Grenouille é abandonado para morrer mesmo antes de abrir os olhos -ele é o retrato de uma criança indesejada. Seu primeiro choro condena sua mãe -e quase assassina- à morte, tornado-o órfão. No orfanato é excluído pelos outros órfãos e sofre maus tratos. Em seguida o protagonista passa por dois empregos onde é explorado e menosprezado.

Em um momento especialmente doloroso do filme o rapaz apaixonado por odores descobre não ter nenhum. Ele é observador de um mundo que não compreende, no qual é “outsider”, estrangeiro. Um desajustado.

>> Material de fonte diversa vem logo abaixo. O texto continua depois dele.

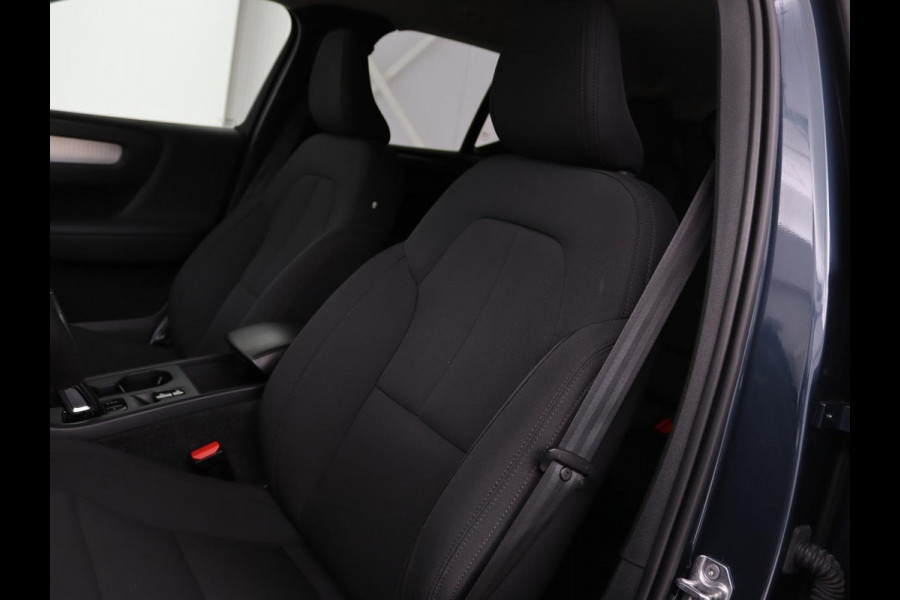 Volvo XC40 1.5 T5 Recharge Business Pro | Adaptive cruise | Camera | Carplay | Keyless | Navigatie | Parkeerverwarming | Full LED | Dodehoek detectie | PHEV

Uma característica inerente aos assassinos em série é a falta de culpa frente ao assassínio. Isso se comprova na figura de Grenouille, em parte porque ele observa um mundo ao qual nunca esteve conectado, e que, por tanto, não faz sentido para ele. Os seres humanos são como objetos que não despertam muita atenção do personagem e quando o fazem é unicamente pelo cheiro! Os sentimentos e medos de suas vítimas não entram na equação.

Seriais Killers possuem capacidade de discernir entre o que é certo e o que é errado, por isso não são considerados inimputáveis diante da lei. Grenouille chega a fazer uma tentativa de realizar seus objetivos sem matar: ele paga uma prostituta para capturar seu cheiro em vida, mas, ao falhar, ele volta sem culpa aos assassinatos, começando um novo ciclo de mortes.

1- Patrick Süskind relutou em vender os direitos de sua obra para o cinema, apenas em 2001 o autor cedeu - diante da pequena quantia de 10 milhões de euros.

2- Vários autores se interessaram em dirigir uma adaptação da obra para o cinema, entre eles Tim Burton e Martin Scorsese.

3- Devido a peculiaridades do roteiro Stanley Kubrick afirmou que a história seria “infilmável”.

4- Relatos de comentários da saída das salas de cinema, durante o período em que o filme esteve em cartaz, incluem decepções com o longa. O subtítulo “A história de um assassino” , gerou uma expectativa ‘à la’ filmes de serial killers mais comumente encontrados no cinema (terror e sangue). O filme, porém, faz um caminho diferente.